-------- ENTRIES SHOWN --------

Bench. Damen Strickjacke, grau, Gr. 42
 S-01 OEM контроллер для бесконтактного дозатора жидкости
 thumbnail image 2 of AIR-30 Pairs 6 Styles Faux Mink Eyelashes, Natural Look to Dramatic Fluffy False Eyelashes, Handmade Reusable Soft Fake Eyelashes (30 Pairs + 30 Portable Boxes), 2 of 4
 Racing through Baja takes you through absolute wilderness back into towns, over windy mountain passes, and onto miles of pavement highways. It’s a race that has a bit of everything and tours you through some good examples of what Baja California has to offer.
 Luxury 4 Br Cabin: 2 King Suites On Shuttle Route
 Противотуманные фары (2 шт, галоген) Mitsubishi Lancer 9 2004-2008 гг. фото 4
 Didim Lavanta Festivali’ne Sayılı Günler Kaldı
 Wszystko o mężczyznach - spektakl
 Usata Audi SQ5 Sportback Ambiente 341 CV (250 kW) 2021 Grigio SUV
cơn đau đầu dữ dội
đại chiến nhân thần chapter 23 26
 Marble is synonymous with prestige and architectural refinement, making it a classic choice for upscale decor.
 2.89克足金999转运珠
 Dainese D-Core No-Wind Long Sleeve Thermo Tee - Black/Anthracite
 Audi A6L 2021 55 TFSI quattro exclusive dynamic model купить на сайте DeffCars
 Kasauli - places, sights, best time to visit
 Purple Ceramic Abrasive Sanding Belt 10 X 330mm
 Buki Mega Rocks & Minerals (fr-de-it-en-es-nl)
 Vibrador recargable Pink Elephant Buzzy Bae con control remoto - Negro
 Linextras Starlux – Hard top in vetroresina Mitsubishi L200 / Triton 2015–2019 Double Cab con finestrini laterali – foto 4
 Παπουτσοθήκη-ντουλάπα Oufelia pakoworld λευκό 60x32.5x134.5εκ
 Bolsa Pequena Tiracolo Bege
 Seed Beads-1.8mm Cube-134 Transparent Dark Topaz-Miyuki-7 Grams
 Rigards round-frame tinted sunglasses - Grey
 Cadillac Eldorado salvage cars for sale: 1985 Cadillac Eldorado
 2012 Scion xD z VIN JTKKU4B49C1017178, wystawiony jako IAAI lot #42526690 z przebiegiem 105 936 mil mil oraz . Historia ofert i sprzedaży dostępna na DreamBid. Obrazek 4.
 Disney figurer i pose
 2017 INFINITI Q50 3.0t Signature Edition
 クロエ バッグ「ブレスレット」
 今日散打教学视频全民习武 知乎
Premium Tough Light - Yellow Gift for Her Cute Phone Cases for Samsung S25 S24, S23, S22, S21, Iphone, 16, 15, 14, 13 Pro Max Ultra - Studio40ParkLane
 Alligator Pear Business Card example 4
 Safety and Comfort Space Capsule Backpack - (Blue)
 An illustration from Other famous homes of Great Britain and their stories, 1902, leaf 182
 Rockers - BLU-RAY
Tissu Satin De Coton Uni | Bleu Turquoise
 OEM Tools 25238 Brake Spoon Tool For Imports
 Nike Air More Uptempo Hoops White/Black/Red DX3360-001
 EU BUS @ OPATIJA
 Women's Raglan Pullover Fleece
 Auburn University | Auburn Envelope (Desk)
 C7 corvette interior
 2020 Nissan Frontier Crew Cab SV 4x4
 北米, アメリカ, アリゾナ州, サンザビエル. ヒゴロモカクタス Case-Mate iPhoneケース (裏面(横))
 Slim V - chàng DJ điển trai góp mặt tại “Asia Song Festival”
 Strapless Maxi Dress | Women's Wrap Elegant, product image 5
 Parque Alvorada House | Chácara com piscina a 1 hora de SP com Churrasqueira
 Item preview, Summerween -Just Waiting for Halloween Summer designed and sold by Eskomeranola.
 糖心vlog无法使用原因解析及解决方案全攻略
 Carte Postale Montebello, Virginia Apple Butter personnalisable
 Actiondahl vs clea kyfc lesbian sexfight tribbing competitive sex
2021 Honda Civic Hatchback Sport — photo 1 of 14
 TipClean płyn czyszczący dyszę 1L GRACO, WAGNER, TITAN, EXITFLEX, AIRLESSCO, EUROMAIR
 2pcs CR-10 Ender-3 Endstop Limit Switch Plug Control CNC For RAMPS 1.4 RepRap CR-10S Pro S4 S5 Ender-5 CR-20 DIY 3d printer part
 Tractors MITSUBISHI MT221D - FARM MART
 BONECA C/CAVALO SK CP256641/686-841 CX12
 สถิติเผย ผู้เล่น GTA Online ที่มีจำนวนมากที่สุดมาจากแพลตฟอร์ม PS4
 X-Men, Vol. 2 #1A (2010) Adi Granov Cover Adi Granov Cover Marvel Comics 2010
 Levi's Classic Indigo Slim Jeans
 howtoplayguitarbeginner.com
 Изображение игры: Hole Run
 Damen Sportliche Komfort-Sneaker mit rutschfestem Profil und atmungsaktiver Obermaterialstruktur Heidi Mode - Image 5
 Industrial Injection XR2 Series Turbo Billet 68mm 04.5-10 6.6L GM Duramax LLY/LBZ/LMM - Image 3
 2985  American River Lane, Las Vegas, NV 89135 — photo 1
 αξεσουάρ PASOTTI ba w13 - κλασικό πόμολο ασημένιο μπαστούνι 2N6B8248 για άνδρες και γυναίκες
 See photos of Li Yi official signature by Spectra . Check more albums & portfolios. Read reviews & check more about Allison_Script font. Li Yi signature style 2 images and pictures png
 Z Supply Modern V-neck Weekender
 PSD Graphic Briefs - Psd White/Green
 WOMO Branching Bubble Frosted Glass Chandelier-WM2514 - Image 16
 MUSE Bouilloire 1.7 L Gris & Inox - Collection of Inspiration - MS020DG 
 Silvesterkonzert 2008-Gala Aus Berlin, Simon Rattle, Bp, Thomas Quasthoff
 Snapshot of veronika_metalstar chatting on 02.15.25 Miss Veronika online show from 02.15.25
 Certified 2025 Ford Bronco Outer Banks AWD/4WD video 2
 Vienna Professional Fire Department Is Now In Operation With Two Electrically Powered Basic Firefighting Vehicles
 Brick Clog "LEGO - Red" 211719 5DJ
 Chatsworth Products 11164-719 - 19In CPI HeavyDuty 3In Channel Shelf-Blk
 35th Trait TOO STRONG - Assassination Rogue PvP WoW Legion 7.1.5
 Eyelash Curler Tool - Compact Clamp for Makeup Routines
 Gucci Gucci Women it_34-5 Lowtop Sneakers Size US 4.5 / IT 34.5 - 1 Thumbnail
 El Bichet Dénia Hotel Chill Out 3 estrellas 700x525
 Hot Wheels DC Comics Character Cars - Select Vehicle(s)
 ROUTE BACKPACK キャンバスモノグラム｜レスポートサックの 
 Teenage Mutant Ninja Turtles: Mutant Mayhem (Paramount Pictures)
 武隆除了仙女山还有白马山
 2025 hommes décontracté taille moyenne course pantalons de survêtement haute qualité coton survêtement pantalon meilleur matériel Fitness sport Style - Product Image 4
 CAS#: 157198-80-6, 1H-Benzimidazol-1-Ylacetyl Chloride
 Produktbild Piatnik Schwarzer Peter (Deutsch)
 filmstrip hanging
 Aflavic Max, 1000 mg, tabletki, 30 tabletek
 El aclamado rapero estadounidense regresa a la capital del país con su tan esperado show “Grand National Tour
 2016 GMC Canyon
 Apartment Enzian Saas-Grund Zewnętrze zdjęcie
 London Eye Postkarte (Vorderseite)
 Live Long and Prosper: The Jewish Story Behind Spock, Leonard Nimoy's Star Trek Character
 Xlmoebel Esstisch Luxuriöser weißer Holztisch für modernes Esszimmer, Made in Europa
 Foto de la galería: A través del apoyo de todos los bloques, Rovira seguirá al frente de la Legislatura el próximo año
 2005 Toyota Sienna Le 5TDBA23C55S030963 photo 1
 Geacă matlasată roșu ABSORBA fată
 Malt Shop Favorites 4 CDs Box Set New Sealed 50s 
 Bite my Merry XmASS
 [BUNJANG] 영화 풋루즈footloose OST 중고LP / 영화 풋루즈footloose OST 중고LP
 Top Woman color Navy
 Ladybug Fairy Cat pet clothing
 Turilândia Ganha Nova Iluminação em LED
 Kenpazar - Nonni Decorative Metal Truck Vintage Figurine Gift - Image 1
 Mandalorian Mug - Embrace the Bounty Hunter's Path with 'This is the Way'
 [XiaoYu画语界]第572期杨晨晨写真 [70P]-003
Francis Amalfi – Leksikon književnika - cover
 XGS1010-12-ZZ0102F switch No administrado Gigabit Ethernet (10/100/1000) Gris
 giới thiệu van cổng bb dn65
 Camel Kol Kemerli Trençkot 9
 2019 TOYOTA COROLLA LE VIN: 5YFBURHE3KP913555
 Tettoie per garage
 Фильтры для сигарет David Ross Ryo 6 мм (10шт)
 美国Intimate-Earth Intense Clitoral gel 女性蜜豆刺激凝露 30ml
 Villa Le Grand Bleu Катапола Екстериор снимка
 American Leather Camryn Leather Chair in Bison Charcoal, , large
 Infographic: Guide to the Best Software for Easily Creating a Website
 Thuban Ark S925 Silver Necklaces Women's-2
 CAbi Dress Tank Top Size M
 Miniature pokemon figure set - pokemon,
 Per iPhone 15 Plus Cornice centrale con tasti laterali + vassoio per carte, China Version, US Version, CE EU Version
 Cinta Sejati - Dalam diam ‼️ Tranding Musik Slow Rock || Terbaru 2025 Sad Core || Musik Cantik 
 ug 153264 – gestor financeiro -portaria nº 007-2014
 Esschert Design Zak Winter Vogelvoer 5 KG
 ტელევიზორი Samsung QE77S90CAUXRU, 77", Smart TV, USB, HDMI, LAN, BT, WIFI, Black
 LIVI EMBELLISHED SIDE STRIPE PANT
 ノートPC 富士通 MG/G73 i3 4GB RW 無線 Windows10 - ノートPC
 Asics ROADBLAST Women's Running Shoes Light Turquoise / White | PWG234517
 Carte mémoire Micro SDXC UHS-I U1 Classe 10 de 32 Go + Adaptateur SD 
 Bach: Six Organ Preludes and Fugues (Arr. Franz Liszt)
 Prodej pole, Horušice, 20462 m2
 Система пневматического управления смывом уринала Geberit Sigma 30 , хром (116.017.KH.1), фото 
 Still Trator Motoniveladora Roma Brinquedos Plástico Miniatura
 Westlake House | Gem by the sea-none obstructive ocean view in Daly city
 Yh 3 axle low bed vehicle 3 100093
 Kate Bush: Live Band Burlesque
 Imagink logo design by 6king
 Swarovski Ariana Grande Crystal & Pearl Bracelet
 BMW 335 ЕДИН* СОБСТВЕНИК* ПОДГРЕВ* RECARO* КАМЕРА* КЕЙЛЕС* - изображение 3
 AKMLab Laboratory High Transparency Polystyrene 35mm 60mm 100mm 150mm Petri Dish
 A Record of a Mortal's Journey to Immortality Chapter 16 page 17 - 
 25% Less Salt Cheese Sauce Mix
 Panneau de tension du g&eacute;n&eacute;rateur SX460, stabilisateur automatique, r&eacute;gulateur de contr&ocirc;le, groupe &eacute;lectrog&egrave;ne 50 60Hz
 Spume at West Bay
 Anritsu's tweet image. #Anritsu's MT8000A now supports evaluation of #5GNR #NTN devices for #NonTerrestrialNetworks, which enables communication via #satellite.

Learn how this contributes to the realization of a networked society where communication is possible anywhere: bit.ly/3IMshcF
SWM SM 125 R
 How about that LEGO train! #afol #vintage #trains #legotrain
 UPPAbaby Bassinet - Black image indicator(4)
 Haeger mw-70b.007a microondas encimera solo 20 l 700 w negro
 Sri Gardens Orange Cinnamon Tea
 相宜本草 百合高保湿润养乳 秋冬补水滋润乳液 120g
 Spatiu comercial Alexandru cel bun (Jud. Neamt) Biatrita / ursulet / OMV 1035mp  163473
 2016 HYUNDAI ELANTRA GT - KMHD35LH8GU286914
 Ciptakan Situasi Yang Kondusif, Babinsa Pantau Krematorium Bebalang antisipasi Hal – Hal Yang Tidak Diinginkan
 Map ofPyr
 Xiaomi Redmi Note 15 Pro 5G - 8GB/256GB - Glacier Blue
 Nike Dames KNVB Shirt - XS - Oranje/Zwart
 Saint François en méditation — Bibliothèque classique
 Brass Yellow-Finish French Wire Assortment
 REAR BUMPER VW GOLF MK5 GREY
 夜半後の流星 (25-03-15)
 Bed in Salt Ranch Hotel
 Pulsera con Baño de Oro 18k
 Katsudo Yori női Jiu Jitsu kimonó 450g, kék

--------

Reproduce the records above exactly, from the first line through the line containing "Buki Mega Rocks", and output nothing else.

TASK SOLUTION:
Bench. Damen Strickjacke, grau, Gr. 42
 S-01 OEM контроллер для бесконтактного дозатора жидкости
 thumbnail image 2 of AIR-30 Pairs 6 Styles Faux Mink Eyelashes, Natural Look to Dramatic Fluffy False Eyelashes, Handmade Reusable Soft Fake Eyelashes (30 Pairs + 30 Portable Boxes), 2 of 4
 Racing through Baja takes you through absolute wilderness back into towns, over windy mountain passes, and onto miles of pavement highways. It’s a race that has a bit of everything and tours you through some good examples of what Baja California has to offer.
 Luxury 4 Br Cabin: 2 King Suites On Shuttle Route
 Противотуманные фары (2 шт, галоген) Mitsubishi Lancer 9 2004-2008 гг. фото 4
 Didim Lavanta Festivali’ne Sayılı Günler Kaldı
 Wszystko o mężczyznach - spektakl
 Usata Audi SQ5 Sportback Ambiente 341 CV (250 kW) 2021 Grigio SUV
cơn đau đầu dữ dội
đại chiến nhân thần chapter 23 26
 Marble is synonymous with prestige and architectural refinement, making it a classic choice for upscale decor.
 2.89克足金999转运珠
 Dainese D-Core No-Wind Long Sleeve Thermo Tee - Black/Anthracite
 Audi A6L 2021 55 TFSI quattro exclusive dynamic model купить на сайте DeffCars
 Kasauli - places, sights, best time to visit
 Purple Ceramic Abrasive Sanding Belt 10 X 330mm
 Buki Mega Rocks & Minerals (fr-de-it-en-es-nl)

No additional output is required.